• 1938 Buick Y Job, penned by famed designer Harley Earl, is known today as the first concept car ever created.

  • The first production Buick was also the shortest. The 1904 Model B rode on a wheelbase of 83 inches, more than 17 inches less than a 2013 Buick Encore.

  • To date, Buick has produced more than 43 million vehicles. The first million took two decades, with the milestone touring sedan shown here rolling off the line in 1923.

  • Buick’s motorsports history includes two NASCAR titles and six Indy 500 pace cars, including the 1939 Roadmaster shown here.

  • Buick’s 110th anniversary coincides with the 1963 Riviera’s 50th.

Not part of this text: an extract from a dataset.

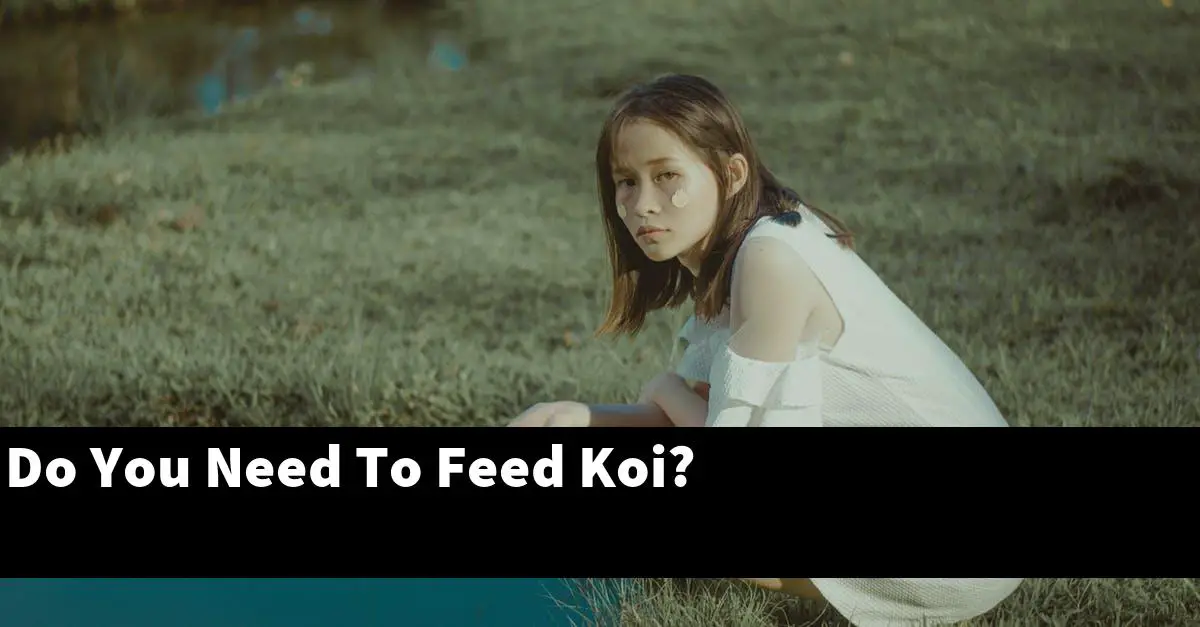 Do You Need To Feed Koi?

It’s considered by many as one of the most beautiful car designs ever.

  • Today’s powerful Buick engines use technology like turbocharging to combine power and efficiency, but displacement was once king. The brand’s largest engine, a 455 cubic inch V-8, was produced from 1970-75.

  • Buick’s longest car, the 1975 Buick Electra sedan, measured 233.7 inches from bumper to bumper.

  • The legendary 1987 Buick GNX was the quickest car the brand has produced, with 0-60 mph acceleration in just 4.6 seconds.

  • Buick has produced two vehicles able to hold up to 8 passengers. The 1991-1996 Roadmaster Estate and the 2013 Enclave shown here.

  • In 2013, two Buick engineers set a new top speed record for the brand when they took a 2013 Regal GS to 162 mph in a closed-course road rally.

Buick has taken the time to highlight some of the company's personal points of pride from the past 110 years. Those include everything from the automaker's very first vehicle, the 1904 Model B, to what Buick claims is the world's first concept car: The 1938 Y Job (above). That one also walked away with the worst name for a design study.

All told, the automaker has sold 43 million vehicles through the end of last year, and those include the lusty 1963 Riviera. That model celebrates its 50th anniversary in 2013, and remains one of the brand's most iconic designs.

Of course, Buick is rightfully proud of its quickest model, too. The 1987 GNX managed a 4.6-second bolt to 60 mph in tests by Car and Driver, and it also took the honor of being one of the automaker's rarest creations at just 547 units. You can check out all 10 in the gallery above.